Nineteen-year-old Anett Kontaveit (No. 152) is such a fresh face on the WTA Tour that she doesn't even have a picture in her bio. Yet she has a chance to make it through to the fourth round. Coming into this tournament, Kontaveit had two appearances in Grand Slams, both first-round losses at Wimbledon, this year and last year.

Shelby Rogers hits a forehand during her second-round match at the U.S. Open.
Shelby Rogers hits a forehand during her second-round match at the U.S. Open.Matthew Stockman/Getty Images

She will play Madison Brengle (No. 47), who had her best showing at a Slam earlier this year at the Australian Open. She reached the fourth round. 

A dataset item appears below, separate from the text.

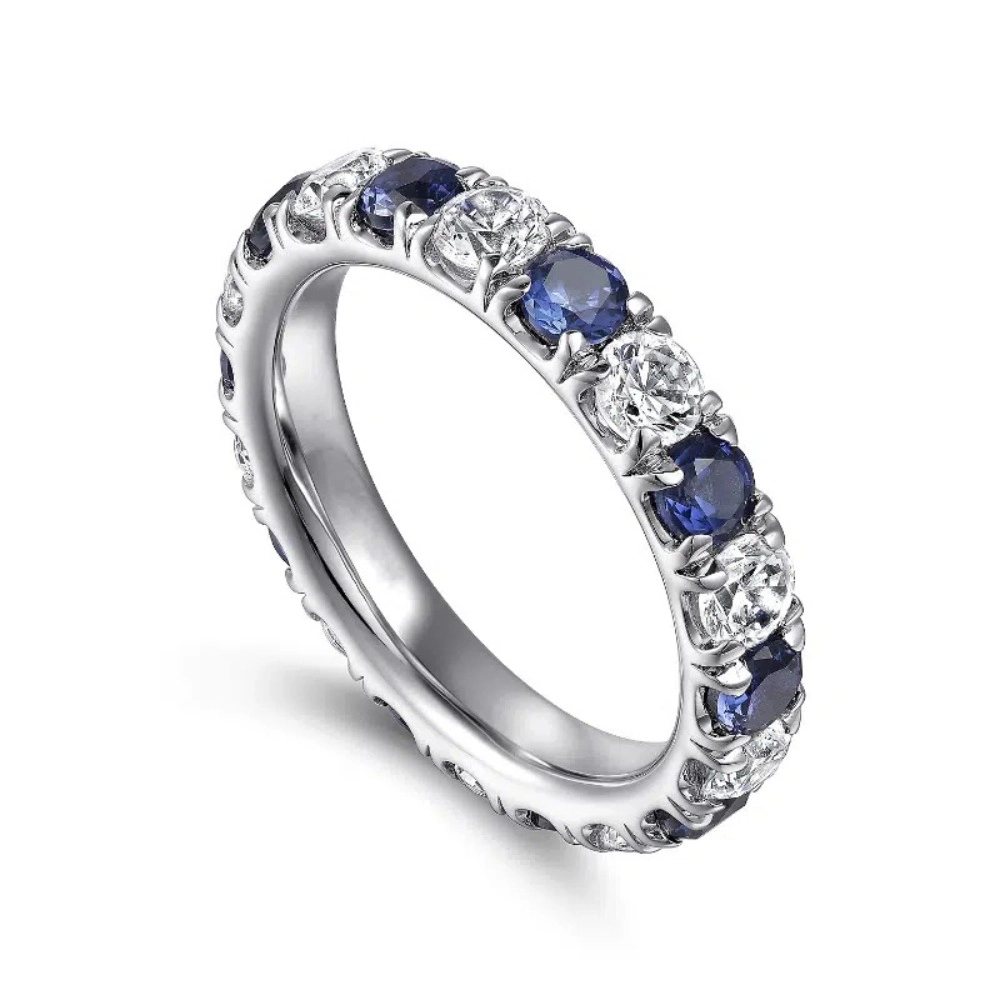 3mm Thin Band Eternity Rings White and Blue Created Sapphire Ring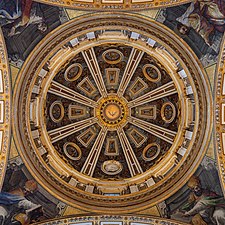 Le dome de la chapelle Clémentine, dans la basilique. Septembre 2022.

Daria Kasatkina, an 18-year-old Russian who got the lucky loser slot after Sharapova withdrew, could also move into the fourth round in her first Grand Slam appearance. Kasatkina (No. 133) has earned more prize money in two rounds at the U.S. Open than she has in her entire career. 

Kasatkina told the WTA's staff she couldn't believe her luck. "When my coach told me, 'Sharapova withdrew, you're in the main draw,' I was like...Oh my god! Thanks God! ... Really, I was so happy because it's unbelievable luck to get the lucky loser at a Grand Slam. So I realized I was so, so lucky."

There are plenty of big names left. Belinda Bencic (No. 12), one of only two women to defeat Williams this year, takes on Venus Williams in the third round. Samantha Stosur, winner of the 2011 U.S. Open, remains in the draw. So does 2012 Wimbledon finalist Agnieszka Radwanska, who takes on rising star Madison Keys.

Eugenie Bouchard, who's working hard to get back on track, next faces 2014 Australian Open finalist Dominika Cibulkova, who beat Ivanovic in the first round. Cibulkova is trying to advance beyond the third round at the U.S. Open for the first time since 2010. 

However, it's the no-names that are disrupting the draw at Flushing Meadows.  

Konta, appearing in her eighth Slam, reached the third round for the first time in dramatic fashion. She took out Wimbledon semifinalist, Muguruza in a match that lasted three hours and 23 minutes.

Despite surviving qualifiers and upsetting a top-10 player, Konta told the New York Times that her luck will run out soon enough.  

“You know, I am going to lose sooner or later. I’m not invincible. I’m no Serena Williams."